Buscando una nieta, encontró decenas, cientos de miles de jóvenes y no tanto, que acompañaban, también buscaban, y la abrazaban en lo alto de la montaña de la cual, inevitablemente, volvería a caer. Es una enorme tristeza que Clara Anahí no haya podido conocer a su abuela, combatiente contra todas las formas del olvido. Es una enorme tristeza. Pero puede ser peor. Podría ser una inmensa tragedia. Y lo trágico es cuando dejamos que nuestros destinos, nuestros anhelos, nuestros deseos, sean gerenciados, capturados, manipulados por los dioses de la vida, habitualmente miserable, y de la muerte, habitualmente cruel.

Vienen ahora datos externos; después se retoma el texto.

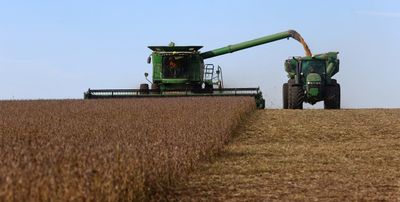 Proyecciones para la campaña agrícola 2025/26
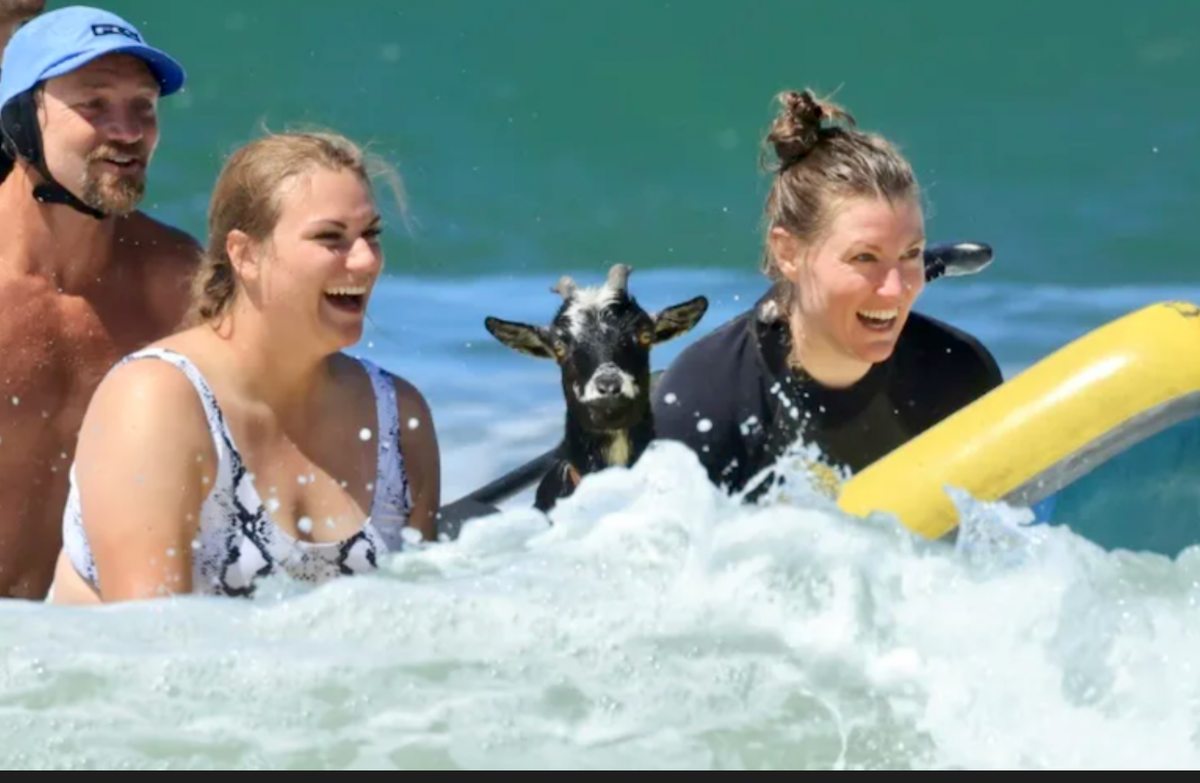 Goat vibrations: Animals teach surfers in California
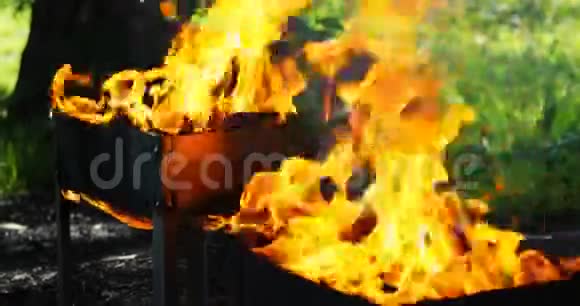 在布拉齐尔煤中燃烧着明亮的黄色火焰视频的预览图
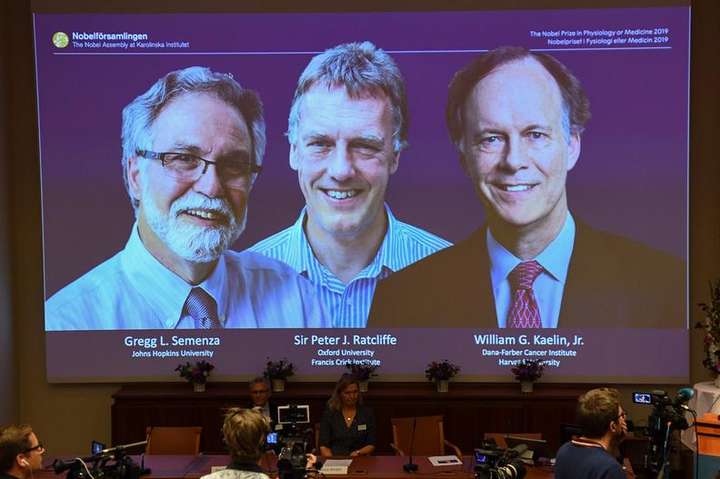Нобелевскими лауреатами по медицине стали ученые из США и Британии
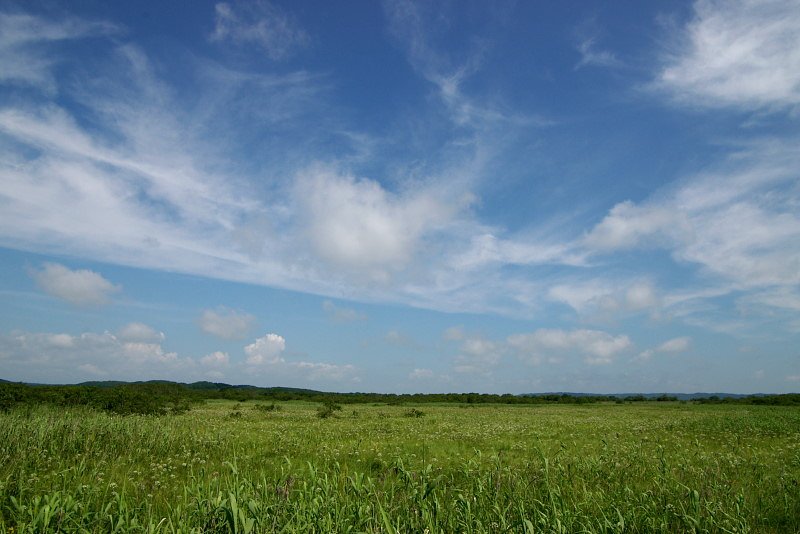 高層湿原の夏空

Chica Mariani es a mi criterio, y no la conocí personalmente, una forma de lucha contra la cultura represora. Es la decisión de poner siempre el dedo en el enchufe. Aunque sepamos que la electricidad pueda quemarnos. Es la búsqueda de la victoria, pero es también no culparnos cuando encontramos la derrota.

Chicha encarnó con su valentía, su coraje, su amor, aquello que yo apenas me animé a escribir como aforismo implicado: “el fracaso es derrotarse a uno mismo”. Y si bien yo lo escribí, y hace mucho, y ayer en un acto para el recuerdo militante de los mártires de Trelew el “Negro” Soares lo mencionó, Chicha lo encarnó. Fue derrotada porque no alcanzó su objetivo. Pero no fracasó porque siempre, siempre, siempre, siguió levantando la piedra hasta lo más alto de la montaña. Y bien sabía que la culpabilidad era, es, será de los genocidas y sus lacayos y sus sicarios.

Y también Chicha sabía, aunque quizá no supiera que lo sabía, que la cultura represora logra que la culpabilidad del victimario se diluya en la culpa de la víctima. Es para discutir si un combatiente es, además una víctima. Pero lo que debe quedar claro, como lo era el agua que nunca más será potable, que una víctima no puede sentirse culpable, porque esa culpa transformará la derrota en fracaso.

Chicha quiso rescatar lo mejor de una generación derrotada. Y pudo, solamente porque quiso poder, descartar lo peor de una generación fracasada. No todos ni todas somos Chicha. No es única, pero tampoco es un espejo en el cual el universo combativo pueda reflejarse.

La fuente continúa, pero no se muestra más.